[[ Available data open ]]
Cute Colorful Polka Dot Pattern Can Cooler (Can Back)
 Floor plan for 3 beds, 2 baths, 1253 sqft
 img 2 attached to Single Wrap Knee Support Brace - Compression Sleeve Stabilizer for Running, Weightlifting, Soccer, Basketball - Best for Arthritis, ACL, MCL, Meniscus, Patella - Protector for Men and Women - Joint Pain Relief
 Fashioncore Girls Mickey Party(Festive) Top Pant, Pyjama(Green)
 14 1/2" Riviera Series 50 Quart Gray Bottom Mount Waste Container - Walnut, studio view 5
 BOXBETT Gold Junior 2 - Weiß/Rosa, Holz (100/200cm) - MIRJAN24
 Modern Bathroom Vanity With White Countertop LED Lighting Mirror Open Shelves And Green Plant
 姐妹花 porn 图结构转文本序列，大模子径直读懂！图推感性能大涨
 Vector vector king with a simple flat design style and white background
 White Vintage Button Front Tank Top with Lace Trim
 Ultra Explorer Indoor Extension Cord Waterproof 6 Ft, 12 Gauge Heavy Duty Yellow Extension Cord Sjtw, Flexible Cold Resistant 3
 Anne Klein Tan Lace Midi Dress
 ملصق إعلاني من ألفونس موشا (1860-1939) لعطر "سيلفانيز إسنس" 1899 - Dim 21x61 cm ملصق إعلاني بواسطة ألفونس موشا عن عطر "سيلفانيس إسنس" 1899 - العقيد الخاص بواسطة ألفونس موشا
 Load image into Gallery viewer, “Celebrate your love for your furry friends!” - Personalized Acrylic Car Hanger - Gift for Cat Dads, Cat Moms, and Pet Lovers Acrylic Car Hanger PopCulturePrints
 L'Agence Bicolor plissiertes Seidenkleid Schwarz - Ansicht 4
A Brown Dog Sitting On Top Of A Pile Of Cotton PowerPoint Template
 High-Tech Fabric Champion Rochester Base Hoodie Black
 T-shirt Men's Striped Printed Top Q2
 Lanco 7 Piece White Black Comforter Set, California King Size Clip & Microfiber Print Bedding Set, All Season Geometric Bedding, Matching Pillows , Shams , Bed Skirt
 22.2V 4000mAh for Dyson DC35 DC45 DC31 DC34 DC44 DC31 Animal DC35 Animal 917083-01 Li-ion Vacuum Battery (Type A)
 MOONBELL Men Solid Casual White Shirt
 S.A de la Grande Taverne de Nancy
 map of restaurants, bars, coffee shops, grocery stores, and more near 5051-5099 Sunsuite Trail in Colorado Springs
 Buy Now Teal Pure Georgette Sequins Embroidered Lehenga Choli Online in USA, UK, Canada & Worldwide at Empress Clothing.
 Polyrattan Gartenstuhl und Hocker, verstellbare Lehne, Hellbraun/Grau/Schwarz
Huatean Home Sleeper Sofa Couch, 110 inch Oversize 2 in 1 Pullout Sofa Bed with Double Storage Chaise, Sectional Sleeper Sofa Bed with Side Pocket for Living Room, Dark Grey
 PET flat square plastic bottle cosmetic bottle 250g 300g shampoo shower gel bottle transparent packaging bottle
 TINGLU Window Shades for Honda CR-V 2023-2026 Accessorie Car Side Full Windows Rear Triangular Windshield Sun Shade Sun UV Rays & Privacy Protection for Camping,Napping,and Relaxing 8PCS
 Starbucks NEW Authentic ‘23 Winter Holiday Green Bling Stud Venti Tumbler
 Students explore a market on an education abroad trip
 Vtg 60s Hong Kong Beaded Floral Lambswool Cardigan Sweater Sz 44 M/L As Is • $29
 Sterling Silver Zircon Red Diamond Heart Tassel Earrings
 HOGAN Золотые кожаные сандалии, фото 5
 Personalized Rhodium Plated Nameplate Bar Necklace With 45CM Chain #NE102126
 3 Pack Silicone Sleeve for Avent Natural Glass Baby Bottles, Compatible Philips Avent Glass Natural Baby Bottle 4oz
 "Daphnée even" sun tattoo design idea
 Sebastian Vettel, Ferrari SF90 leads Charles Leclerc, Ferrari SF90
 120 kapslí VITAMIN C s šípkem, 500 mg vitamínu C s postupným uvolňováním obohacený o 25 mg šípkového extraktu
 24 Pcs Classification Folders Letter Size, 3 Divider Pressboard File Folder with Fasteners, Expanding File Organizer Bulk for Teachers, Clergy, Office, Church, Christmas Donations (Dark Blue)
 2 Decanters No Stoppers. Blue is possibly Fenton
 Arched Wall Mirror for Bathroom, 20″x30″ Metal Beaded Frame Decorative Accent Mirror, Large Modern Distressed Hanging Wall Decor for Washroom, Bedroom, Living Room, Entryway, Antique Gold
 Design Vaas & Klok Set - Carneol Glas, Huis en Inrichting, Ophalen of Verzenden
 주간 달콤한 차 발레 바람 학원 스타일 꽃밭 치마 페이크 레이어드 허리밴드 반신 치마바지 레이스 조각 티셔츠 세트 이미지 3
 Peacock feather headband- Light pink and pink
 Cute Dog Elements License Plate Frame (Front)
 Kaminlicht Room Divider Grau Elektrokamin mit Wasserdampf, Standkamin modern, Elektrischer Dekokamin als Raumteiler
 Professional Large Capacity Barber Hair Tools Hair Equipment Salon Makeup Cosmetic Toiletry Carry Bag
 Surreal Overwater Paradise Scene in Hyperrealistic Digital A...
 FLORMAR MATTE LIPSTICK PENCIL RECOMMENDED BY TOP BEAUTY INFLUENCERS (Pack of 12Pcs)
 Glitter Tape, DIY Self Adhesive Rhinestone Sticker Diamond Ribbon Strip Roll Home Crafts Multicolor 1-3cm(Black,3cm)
[[ Available data closed ]]
Check every line above for the string "Side", and copy the ones that have it.

### Your response
Huatean Home Sleeper Sofa Couch, 110 inch Oversize 2 in 1 Pullout Sofa Bed with Double Storage Chaise, Sectional Sleeper Sofa Bed with Side Pocket for Living Room, Dark Grey
 TINGLU Window Shades for Honda CR-V 2023-2026 Accessorie Car Side Full Windows Rear Triangular Windshield Sun Shade Sun UV Rays & Privacy Protection for Camping,Napping,and Relaxing 8PCS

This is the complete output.